Thursday, June 23, 2022

CCXCV: DAUGHTERY, Michael: Deus ex Machina

CCXCV. DAUGHTERY, Michael (1954-       )

Deus ex Machina (2007)
1. Fast Forward (Di andata veloce) (7:24)
2. Train of Tears (14:16)
3. Night Steam (11:17)
Terrence Wilson, piano
Nashville Symphony
Giancarlo Guerrero, cond.

The title refers to the Latin phrase "god from the machine." Each of the three movements is a musical response to the world of trains.

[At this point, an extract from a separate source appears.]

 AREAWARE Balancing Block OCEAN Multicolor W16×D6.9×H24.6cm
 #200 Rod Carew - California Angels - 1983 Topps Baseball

1. Fast Forward (Di andata veloce)

The first movement departs from the Manifesto of Futurism (1909), in which the Italian futurist F.T. Martinetti declared that machine technologies would propel the world toward a universal culture. The image of a speeding locomotive became an icon in modernist art of European painters in the early twentieth century. Two important paintings Daughtery had in mind were "States of Mind" (1911), the Cubist trilogy of a noisy and dissonant train arriving and departing at a modern railroad station, painted by the Italian Futurist Umberto Boccioni, and "Time Transfixed" (1936), the strange image of a steam locomotive emerging from a dining room fireplace, painted by the Belgian Surrealist René Magritte. Daughtery synthesizes these various avant-garde perspectives on trains in motion and commotion, creating his own musical manifesto. Abstract musical lines, mechanical velocities, and fragmented reverberations all move "fast forward" to arrive at a modernist utopian future.


States of Mind


Time Transfixed

2. Train of Tears

From April to May of 1865, a "lonesome train on a lonesome track" with "seven coaches painted black" carried the body of the assassinated American Civil War President Abraham Lincoln from Washington, D.C. to his home in Springfield, Illinois for burial. During the 1,650-mile journey through seven states, this slow-moving funeral train passed through American cities and towns where memorials were held for millions of mourners who lined the railroad tracks to give their final farewell to "Abe" Lincoln. This movement is music for a slow-moving funeral train. First we hear a "ghost" melody that Daughtery composed, performed con passione by the strings and accompanied by a lonely bass drum. Metal wind chimes and bowed suspended cymbal echo the piano soloist, who plays a funeral dirge in a minor key. Over the dirge, a distant trumpet and English horn play "Taps." Daugherty incorporated "Taps" (also known as "Gone to Sleep") because this simple but emotionally charged melody has been used since the Civil War in America as a military bugle call, sounded at soldiers' funerals. During the journey of the second movement, Daugherty intertwines the "ghost" melody and "Taps" in various guises, counterpoints, transpositions, and orchestrations.

3. Night Steam

By the 1950s, trains in America were powered by electricity or diesel fuel. The only remaining coal-burning steam locomotives were those of the Norfolk and Western railroad line, operating in the states of Virginia, West Virginia, North Carolina, and Maryland, where coal was still plentiful. Aware of the impending loss of these gigantic and beautiful steam locomotives, the photographer O. Winston Link documented the last days of the Norfolk and Western trains from 1955 to 1960 and the people who lived alongside them. Using complex banks of flashbulbs and timers that he invented, Link frequently photographed the trains in action during the night, in black and white. Like his photographs, Daugherty composed music that sonically captures the final journeys of trains from a bygone era. In Night Stream, we hear majestic fire-eating steam locomotives rumble and whistle their way through the small towns and lonely back roads of the Shenandoah Valley into extinction.